United States v. Paccione

SWEET, District Judge,

dissenting:

I respectfully dissent from the majority’s affirmance of the criminal contempt. As I read the orders at issue, I conclude that Vulpis was not covered by their terms and, as such, was not subject to the restraint against the conduct that gave rise to the finding of contempt.

The Forfeiture Consent Order, signed by Michael Vulpis on behalf of Eosedale Carting, Inc. and Vulpis Brothers, Ltd., forbids the “encumbrance or sale of any asset of the defendant corporations or any encumbrance or sale of the interests of Angelo Paccione or Anthony Vulpis in the defendant corporations or any sale or encumbrance of any of the defendant corporations themselves” without the prior written approval of the Government. Even assuming that the Forfeiture Consent Order applies to Vulpis in his individual capacity, which it does not, the activities in which he engaged did not violate that order. The majority’s characterization of the order’s terms as forbidding the dissipation of Eosedale’s assets does not square with the actual language of the order, quoted above. While the record establishes that Vulpis acted to dissipate Eosedale’s assets, there is no allegation that he sold or encumbered any of the assets or interests subject to the Forfeiture Consent Order.

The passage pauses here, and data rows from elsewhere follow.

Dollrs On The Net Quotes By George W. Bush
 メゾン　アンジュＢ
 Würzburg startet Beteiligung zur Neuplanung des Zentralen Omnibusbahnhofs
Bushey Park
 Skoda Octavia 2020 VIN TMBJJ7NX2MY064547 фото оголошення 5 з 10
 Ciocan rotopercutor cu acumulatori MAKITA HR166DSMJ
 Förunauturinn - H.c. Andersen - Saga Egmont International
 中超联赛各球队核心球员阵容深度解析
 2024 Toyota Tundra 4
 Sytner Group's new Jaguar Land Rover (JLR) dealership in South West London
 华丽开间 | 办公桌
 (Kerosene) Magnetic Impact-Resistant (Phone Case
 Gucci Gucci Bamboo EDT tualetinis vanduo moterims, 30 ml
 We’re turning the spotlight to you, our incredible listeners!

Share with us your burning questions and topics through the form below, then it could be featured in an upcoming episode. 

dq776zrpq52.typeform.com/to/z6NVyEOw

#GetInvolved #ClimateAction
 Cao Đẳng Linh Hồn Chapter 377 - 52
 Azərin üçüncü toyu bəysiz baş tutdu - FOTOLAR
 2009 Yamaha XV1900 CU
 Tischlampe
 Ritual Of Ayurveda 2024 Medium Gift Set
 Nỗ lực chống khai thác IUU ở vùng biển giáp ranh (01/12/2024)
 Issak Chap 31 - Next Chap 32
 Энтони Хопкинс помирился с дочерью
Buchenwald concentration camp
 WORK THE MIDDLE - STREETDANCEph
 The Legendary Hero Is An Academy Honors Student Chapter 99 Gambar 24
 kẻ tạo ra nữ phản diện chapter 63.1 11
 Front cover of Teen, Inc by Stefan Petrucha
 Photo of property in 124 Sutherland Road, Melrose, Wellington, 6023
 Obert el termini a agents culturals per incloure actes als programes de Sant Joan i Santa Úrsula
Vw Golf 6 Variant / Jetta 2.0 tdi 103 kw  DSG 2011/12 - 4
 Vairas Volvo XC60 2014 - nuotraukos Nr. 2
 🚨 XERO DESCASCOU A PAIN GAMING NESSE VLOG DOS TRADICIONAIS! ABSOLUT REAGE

The Amended Eestraining Order, which applies to “[a]ll attorneys and other persons acting for or in concert with the above-named defendants1 having actual knowledge of this Order,” does prohibit the dissipation of any property or interests owned or held by the defendants in the criminal suit, including Eosedale. The majority has sought to establish the authority of the district court to bind Vulpis, a non-defendant third party. However, as I see it, that authority is neither controversial nor at issue here. It is quite well established that a court may issue a restraint against non-parties with actual notice of the terms of the restraint where a res over which the court has jurisdiction might be disturbed by the actions of non-parties or where the restraint is necessary to preserve the court’s ability to render a judgment in a case over which it has jurisdiction. See United States v. Regan, 858 F.2d 115, 120 (2d Cir.1988); Vuitton et Fils S.A. v. Carousel Handbags, 592 F.2d 126, 129 n. 6 (2d Cir.1979); cf. United States v. Hall, 472 F.2d 261, 265-66, 268 (5th Cir.1972).

*1278Thus, while I in no wise question the district court’s authority or power to restrain a third party like Vulpis under the circumstances present in this case, Judge Motley did not exercise that authority in the Amended Restraining Order. And, having failed to do so, she erred when she held Vulpis in contempt of that order.

The Amended Restraining Order enjoined the named defendants and those acting for or in concert with the named defendants having actual knowledge of the order. Nevertheless, Vulpis is neither named in the order nor was the district court presented with any proof that he was acting “for or in concert with” any of the named defendants when he engaged in the conduct at issue.2 This fact distinguishes this case from Regan and Carousel Handbags, two of the cases cited by the majority. In Regan, 858 F.2d at 117-18, the order enjoined the non-party by name. In Carousel Handbags, 592 F.2d at 128-29, the order, like the Amended Restraining Order, enjoined “all those acting in concert or participation with” defendant Carousel. Applying this language, the court held that the non-party may be held in contempt only if the plaintiff established that he had actual knowledge of the consent decree and acted in concert with Carousel. Finally, this case is also distinguishable from Hall, where a non-party was held in contempt even though he was not acting in concert with those named in the order. In contrast to the Amended Restraining Order, the order in Hall by its terms applied to “persons acting independently or in concert with [students of Ribault High School] and having notice of this order.” 472 F.2d at 263 (emphasis added).

The majority focuses intently on Vulpis’s awareness of the orders. However, actual notice is only half of the equation necessary to result in application of the Amended Restraining Order. Absent proof that Vulpis was acting for or in concert with the named defendants, therefore, his awareness of the orders does not bring him within their ambit.

Both the district court and the majority have accepted the inference that Vulpis must have been behind the “campaign of intimidation” waged against Rosedale. Notwithstanding, the finding that Vulpis is in contempt of the court orders should be reversed because the orders do not apply to him.

. The defendants named in the Amended Restraining Order are Angelo Paccione, Anthony Vulpis, John McDonald, A & A Land Development, W & W Properties, August Recycling, Inc., National Carting Inc., Stage Carting Inc., New York Environmental Contractors, Inc., Rosedale Carting, Inc., Vulpis Brothers, Ltd. and All County Sanitation, Inc.

. Vulpis did act on behalf of DV Carting, owned by Daniel Vulpis, his brother, and Dynamic Carting, owned by Anthony Piccolo, a friend. Neither these individuals nor their companies are named in the Amended Restraining Order. Moreover, because the allegedly contemptuous conduct occurred after Vulpis was terminated as consultant to Rosedale, Vulpis cannot be said to have been acting as "Rosedale Carting, Inc.” for purposes of the Restraining Order’s applicability.